It must be said in [Fraenkel’s] defense that the idea is tempting: to make wordless patterns of the pages of the poem in order to see the ideogrammatic shapes more clearly. In addition, Fraenkel has contributed some worthwhile insights into the use of space and text in the poem, … However, there are three major objections to his project. First, he used, for most of his research, the text of the Cosmopolis edition of the poem, an edition which nearly everyone agrees is far from the author’s intentions, especially insofar as the ideograms are concerned; the preface to that edition gives ample warning of this. … / The second objection is that Fraenkel strays too far from the text, preferring to keep in mind a general idea of the meaning of the poem, and then go off according to the feelings the designs give him. … In fact,  sometimes Fraenkel recommends turning the design on its side or upside-down to see what image may present itself! / The third objection is that these designs are then used more or less like Rohrschach ink blots. (Seaman, pp. 142-43)

In his nine sets of single-sided uncut sheets, Fraenkel offers seven different diagrammatic approaches to the poem as it appeared in Cosmopolis, whose editors could not allow the poem’s lines to cross over the gutter to the next page as Mallarmé imagined the layout. The opening pages of Fraenkel’s seven approaches are laid out below in sunlight and paired with the textual opening page.
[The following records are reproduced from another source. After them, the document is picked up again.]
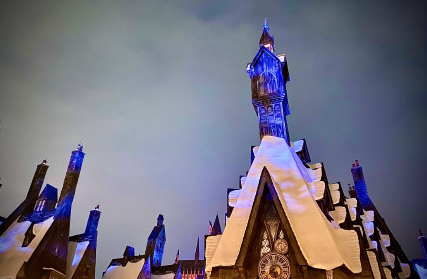 1.2米的小朋友在北京环球影城能玩哪些项目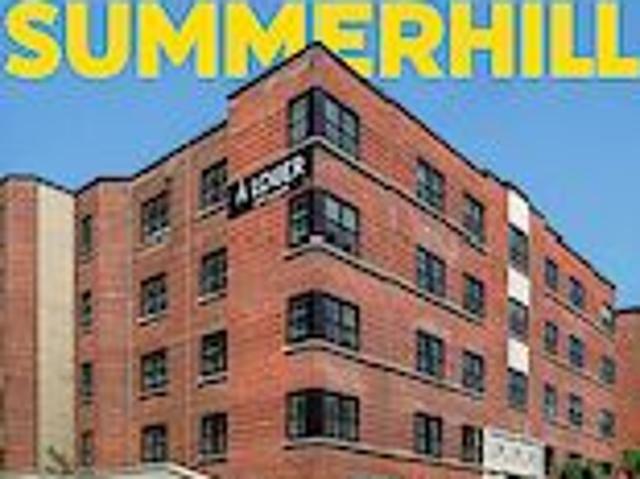 Furnished & Renovated Apartments in the Heart of Downtown Montreal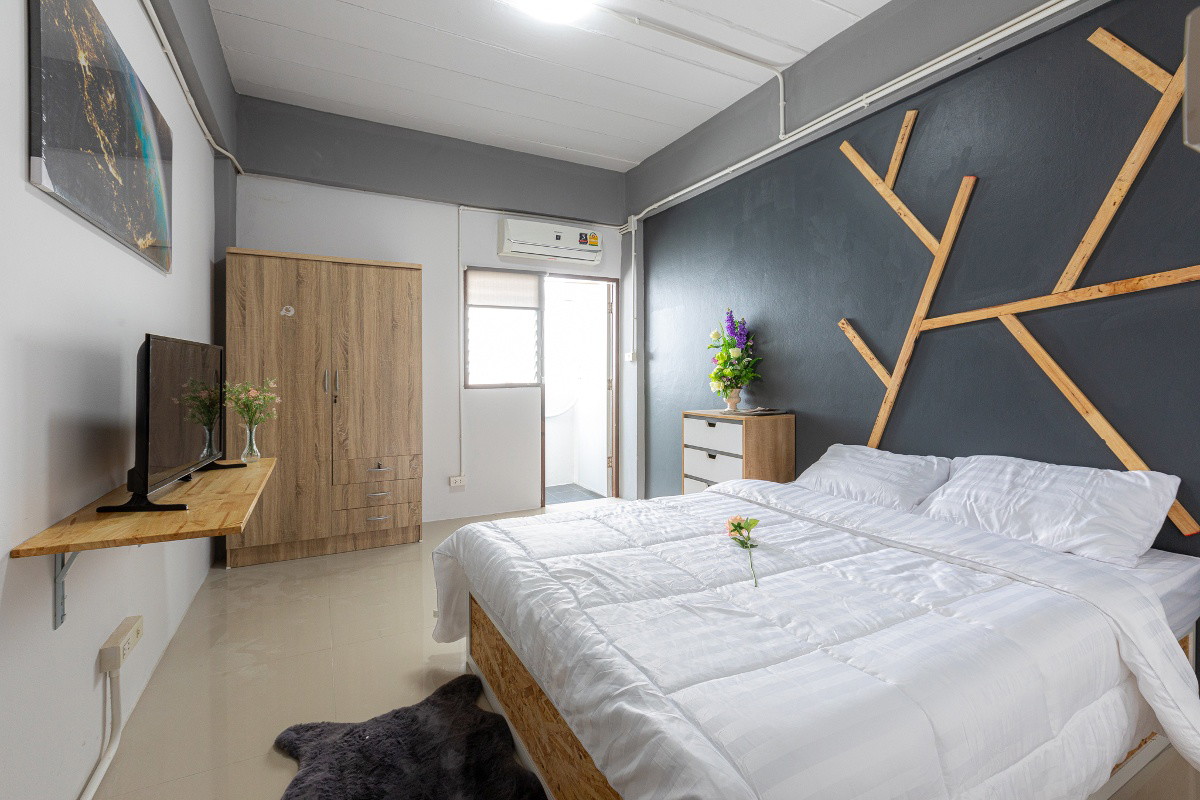 Condo · Phra Pradaeng, samut_prakan — photo 1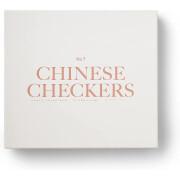 Gioco Dame Chinese Checkers Printworks Classic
Seven different diagrammatic renderings. The one at the lower right shows Fraenkel’s sideways view.

The first rendering (above, upper left) is closest to what Mario Diacono and Marcel Broodthaers would create later in the decade.

Left: a METRICA n’aboolira (1968) by Mario Diacono (1968). Right: Image: Un coup de dés jamais n’abolira le hasard (1969) by Marcel Broodthaers (1969).

Fraenkel’s nine sets of sheets break down into eight of 8 pages and one of 4 pages. Below is the first set opened out.

The first set of eight pages

Compared with Diacono’s, Broodthaers’ and all the other works of homage to date, Fraenkel’s renderings retain a distinction and suggest other new directions not yet taken physically or digitally. Given the sculptural interpretations by Geraldo de Barros, Jorge Méndez Blake and Kathy Bruce, doesn’t Fraenkel’s first rendering call for a three-dimensional cantilevered homage constructed of slabs of blackened flotsam connected with brushed steel rods?

From the series Jogos de Dados (1986)
Geraldo de Barros
Photo: Julia Parpulov. Permission from Fabiana de Barros.

Biblioteca Mallarmé/Mallarmé Library (2011)
Jorge Méndez Blake
Photo: Courtesy of the artist.

Navigating the Abyss (2014)
Kathy Bruce
Photo: Courtesy of the artist.

Given the video created by Giulio Maffei transforming the 1914 book version into Broodthaers’ and the digital legerdemain of Karen ann Donnachie and Andy Simionato and Tayyib Yavuz, why not an animated digital transformation of the Cosmopolis version into the 1914 book version?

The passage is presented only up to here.